__About this task__
Your task is to copy every record exactly.

__The records__
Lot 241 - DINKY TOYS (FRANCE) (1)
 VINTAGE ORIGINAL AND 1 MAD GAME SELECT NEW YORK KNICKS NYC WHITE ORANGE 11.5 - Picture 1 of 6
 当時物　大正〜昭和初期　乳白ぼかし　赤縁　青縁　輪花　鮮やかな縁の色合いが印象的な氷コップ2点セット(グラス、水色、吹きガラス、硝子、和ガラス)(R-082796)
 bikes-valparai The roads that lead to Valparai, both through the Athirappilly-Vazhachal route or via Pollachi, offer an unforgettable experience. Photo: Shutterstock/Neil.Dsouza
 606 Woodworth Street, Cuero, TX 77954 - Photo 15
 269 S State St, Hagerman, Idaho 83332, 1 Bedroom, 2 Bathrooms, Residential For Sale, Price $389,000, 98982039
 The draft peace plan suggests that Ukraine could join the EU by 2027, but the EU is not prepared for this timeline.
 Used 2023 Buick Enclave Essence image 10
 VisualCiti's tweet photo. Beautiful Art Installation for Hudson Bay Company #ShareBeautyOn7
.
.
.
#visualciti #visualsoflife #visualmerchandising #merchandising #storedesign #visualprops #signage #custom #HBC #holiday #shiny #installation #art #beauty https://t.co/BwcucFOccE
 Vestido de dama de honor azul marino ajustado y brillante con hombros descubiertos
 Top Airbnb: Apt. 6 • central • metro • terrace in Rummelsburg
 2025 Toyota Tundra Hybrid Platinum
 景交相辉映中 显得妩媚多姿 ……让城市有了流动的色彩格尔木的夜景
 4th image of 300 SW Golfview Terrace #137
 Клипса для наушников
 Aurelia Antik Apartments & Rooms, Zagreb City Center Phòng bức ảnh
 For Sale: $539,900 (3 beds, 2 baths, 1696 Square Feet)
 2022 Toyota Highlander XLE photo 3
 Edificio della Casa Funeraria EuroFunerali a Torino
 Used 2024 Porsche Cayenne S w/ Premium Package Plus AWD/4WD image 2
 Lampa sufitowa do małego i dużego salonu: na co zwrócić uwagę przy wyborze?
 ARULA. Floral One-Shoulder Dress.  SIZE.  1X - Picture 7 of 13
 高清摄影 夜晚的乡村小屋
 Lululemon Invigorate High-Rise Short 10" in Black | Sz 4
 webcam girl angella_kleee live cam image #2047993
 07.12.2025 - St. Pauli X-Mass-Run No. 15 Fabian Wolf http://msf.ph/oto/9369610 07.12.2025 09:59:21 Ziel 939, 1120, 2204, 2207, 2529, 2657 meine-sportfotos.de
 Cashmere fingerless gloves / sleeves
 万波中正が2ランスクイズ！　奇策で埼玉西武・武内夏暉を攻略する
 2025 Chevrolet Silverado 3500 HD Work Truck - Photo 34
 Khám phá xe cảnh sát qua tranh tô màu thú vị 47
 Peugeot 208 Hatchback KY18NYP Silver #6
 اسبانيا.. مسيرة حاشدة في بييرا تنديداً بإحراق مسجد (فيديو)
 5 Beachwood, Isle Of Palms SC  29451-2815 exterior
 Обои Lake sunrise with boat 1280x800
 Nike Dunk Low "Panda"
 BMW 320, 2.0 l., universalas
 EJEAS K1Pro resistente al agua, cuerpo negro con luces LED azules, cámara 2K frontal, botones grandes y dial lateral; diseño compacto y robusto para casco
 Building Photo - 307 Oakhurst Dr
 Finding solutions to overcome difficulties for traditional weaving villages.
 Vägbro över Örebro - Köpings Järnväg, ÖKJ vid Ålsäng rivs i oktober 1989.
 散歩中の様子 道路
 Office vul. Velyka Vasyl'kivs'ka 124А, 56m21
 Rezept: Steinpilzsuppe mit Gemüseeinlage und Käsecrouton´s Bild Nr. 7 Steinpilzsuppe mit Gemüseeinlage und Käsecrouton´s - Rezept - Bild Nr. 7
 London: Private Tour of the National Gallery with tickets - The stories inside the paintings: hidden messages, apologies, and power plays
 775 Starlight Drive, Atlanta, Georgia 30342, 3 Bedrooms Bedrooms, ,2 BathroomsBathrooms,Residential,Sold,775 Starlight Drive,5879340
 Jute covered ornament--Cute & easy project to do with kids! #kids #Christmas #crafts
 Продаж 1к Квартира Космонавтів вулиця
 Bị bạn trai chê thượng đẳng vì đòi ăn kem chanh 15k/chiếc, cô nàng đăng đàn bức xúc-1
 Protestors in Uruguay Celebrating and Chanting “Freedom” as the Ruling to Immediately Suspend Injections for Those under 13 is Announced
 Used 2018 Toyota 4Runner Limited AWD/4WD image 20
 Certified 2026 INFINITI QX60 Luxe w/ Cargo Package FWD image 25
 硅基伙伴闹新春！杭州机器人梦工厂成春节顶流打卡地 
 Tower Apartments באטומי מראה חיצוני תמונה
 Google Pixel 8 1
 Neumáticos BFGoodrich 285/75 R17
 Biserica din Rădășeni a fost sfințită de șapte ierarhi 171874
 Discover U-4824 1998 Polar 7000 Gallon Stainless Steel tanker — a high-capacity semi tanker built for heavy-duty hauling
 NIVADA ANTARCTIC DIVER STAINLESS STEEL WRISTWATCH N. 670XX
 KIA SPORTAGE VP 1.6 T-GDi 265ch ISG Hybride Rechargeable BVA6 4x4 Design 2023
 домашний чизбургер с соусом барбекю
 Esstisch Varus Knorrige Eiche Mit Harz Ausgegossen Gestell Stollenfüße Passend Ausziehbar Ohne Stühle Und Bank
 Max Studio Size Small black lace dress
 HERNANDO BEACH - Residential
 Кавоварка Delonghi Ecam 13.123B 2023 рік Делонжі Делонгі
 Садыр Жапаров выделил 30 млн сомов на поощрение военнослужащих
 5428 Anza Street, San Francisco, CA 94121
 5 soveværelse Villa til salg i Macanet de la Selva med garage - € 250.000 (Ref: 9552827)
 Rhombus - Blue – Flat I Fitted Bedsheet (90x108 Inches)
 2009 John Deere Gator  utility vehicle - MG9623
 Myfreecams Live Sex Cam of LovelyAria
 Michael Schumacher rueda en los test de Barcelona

__Response to the task__
Lot 241 - DINKY TOYS (FRANCE) (1)
 VINTAGE ORIGINAL AND 1 MAD GAME SELECT NEW YORK KNICKS NYC WHITE ORANGE 11.5 - Picture 1 of 6
 当時物　大正〜昭和初期　乳白ぼかし　赤縁　青縁　輪花　鮮やかな縁の色合いが印象的な氷コップ2点セット(グラス、水色、吹きガラス、硝子、和ガラス)(R-082796)
 bikes-valparai The roads that lead to Valparai, both through the Athirappilly-Vazhachal route or via Pollachi, offer an unforgettable experience. Photo: Shutterstock/Neil.Dsouza
 606 Woodworth Street, Cuero, TX 77954 - Photo 15
 269 S State St, Hagerman, Idaho 83332, 1 Bedroom, 2 Bathrooms, Residential For Sale, Price $389,000, 98982039
 The draft peace plan suggests that Ukraine could join the EU by 2027, but the EU is not prepared for this timeline.
 Used 2023 Buick Enclave Essence image 10
 VisualCiti's tweet photo. Beautiful Art Installation for Hudson Bay Company #ShareBeautyOn7
.
.
.
#visualciti #visualsoflife #visualmerchandising #merchandising #storedesign #visualprops #signage #custom #HBC #holiday #shiny #installation #art #beauty https://t.co/BwcucFOccE
 Vestido de dama de honor azul marino ajustado y brillante con hombros descubiertos
 Top Airbnb: Apt. 6 • central • metro • terrace in Rummelsburg
 2025 Toyota Tundra Hybrid Platinum
 景交相辉映中 显得妩媚多姿 ……让城市有了流动的色彩格尔木的夜景
 4th image of 300 SW Golfview Terrace #137
 Клипса для наушников
 Aurelia Antik Apartments & Rooms, Zagreb City Center Phòng bức ảnh
 For Sale: $539,900 (3 beds, 2 baths, 1696 Square Feet)
 2022 Toyota Highlander XLE photo 3
 Edificio della Casa Funeraria EuroFunerali a Torino
 Used 2024 Porsche Cayenne S w/ Premium Package Plus AWD/4WD image 2
 Lampa sufitowa do małego i dużego salonu: na co zwrócić uwagę przy wyborze?
 ARULA. Floral One-Shoulder Dress.  SIZE.  1X - Picture 7 of 13
 高清摄影 夜晚的乡村小屋
 Lululemon Invigorate High-Rise Short 10" in Black | Sz 4
 webcam girl angella_kleee live cam image #2047993
 07.12.2025 - St. Pauli X-Mass-Run No. 15 Fabian Wolf http://msf.ph/oto/9369610 07.12.2025 09:59:21 Ziel 939, 1120, 2204, 2207, 2529, 2657 meine-sportfotos.de
 Cashmere fingerless gloves / sleeves
 万波中正が2ランスクイズ！　奇策で埼玉西武・武内夏暉を攻略する
 2025 Chevrolet Silverado 3500 HD Work Truck - Photo 34
 Khám phá xe cảnh sát qua tranh tô màu thú vị 47
 Peugeot 208 Hatchback KY18NYP Silver #6
 اسبانيا.. مسيرة حاشدة في بييرا تنديداً بإحراق مسجد (فيديو)
 5 Beachwood, Isle Of Palms SC  29451-2815 exterior
 Обои Lake sunrise with boat 1280x800
 Nike Dunk Low "Panda"
 BMW 320, 2.0 l., universalas
 EJEAS K1Pro resistente al agua, cuerpo negro con luces LED azules, cámara 2K frontal, botones grandes y dial lateral; diseño compacto y robusto para casco
 Building Photo - 307 Oakhurst Dr
 Finding solutions to overcome difficulties for traditional weaving villages.
 Vägbro över Örebro - Köpings Järnväg, ÖKJ vid Ålsäng rivs i oktober 1989.
 散歩中の様子 道路
 Office vul. Velyka Vasyl'kivs'ka 124А, 56m21
 Rezept: Steinpilzsuppe mit Gemüseeinlage und Käsecrouton´s Bild Nr. 7 Steinpilzsuppe mit Gemüseeinlage und Käsecrouton´s - Rezept - Bild Nr. 7
 London: Private Tour of the National Gallery with tickets - The stories inside the paintings: hidden messages, apologies, and power plays
 775 Starlight Drive, Atlanta, Georgia 30342, 3 Bedrooms Bedrooms, ,2 BathroomsBathrooms,Residential,Sold,775 Starlight Drive,5879340
 Jute covered ornament--Cute & easy project to do with kids! #kids #Christmas #crafts
 Продаж 1к Квартира Космонавтів вулиця
 Bị bạn trai chê thượng đẳng vì đòi ăn kem chanh 15k/chiếc, cô nàng đăng đàn bức xúc-1
 Protestors in Uruguay Celebrating and Chanting “Freedom” as the Ruling to Immediately Suspend Injections for Those under 13 is Announced
 Used 2018 Toyota 4Runner Limited AWD/4WD image 20
 Certified 2026 INFINITI QX60 Luxe w/ Cargo Package FWD image 25
 硅基伙伴闹新春！杭州机器人梦工厂成春节顶流打卡地 
 Tower Apartments באטומי מראה חיצוני תמונה
 Google Pixel 8 1
 Neumáticos BFGoodrich 285/75 R17
 Biserica din Rădășeni a fost sfințită de șapte ierarhi 171874
 Discover U-4824 1998 Polar 7000 Gallon Stainless Steel tanker — a high-capacity semi tanker built for heavy-duty hauling
 NIVADA ANTARCTIC DIVER STAINLESS STEEL WRISTWATCH N. 670XX
 KIA SPORTAGE VP 1.6 T-GDi 265ch ISG Hybride Rechargeable BVA6 4x4 Design 2023
 домашний чизбургер с соусом барбекю
 Esstisch Varus Knorrige Eiche Mit Harz Ausgegossen Gestell Stollenfüße Passend Ausziehbar Ohne Stühle Und Bank
 Max Studio Size Small black lace dress
 HERNANDO BEACH - Residential
 Кавоварка Delonghi Ecam 13.123B 2023 рік Делонжі Делонгі
 Садыр Жапаров выделил 30 млн сомов на поощрение военнослужащих
 5428 Anza Street, San Francisco, CA 94121
 5 soveværelse Villa til salg i Macanet de la Selva med garage - € 250.000 (Ref: 9552827)
 Rhombus - Blue – Flat I Fitted Bedsheet (90x108 Inches)
 2009 John Deere Gator  utility vehicle - MG9623
 Myfreecams Live Sex Cam of LovelyAria
 Michael Schumacher rueda en los test de Barcelona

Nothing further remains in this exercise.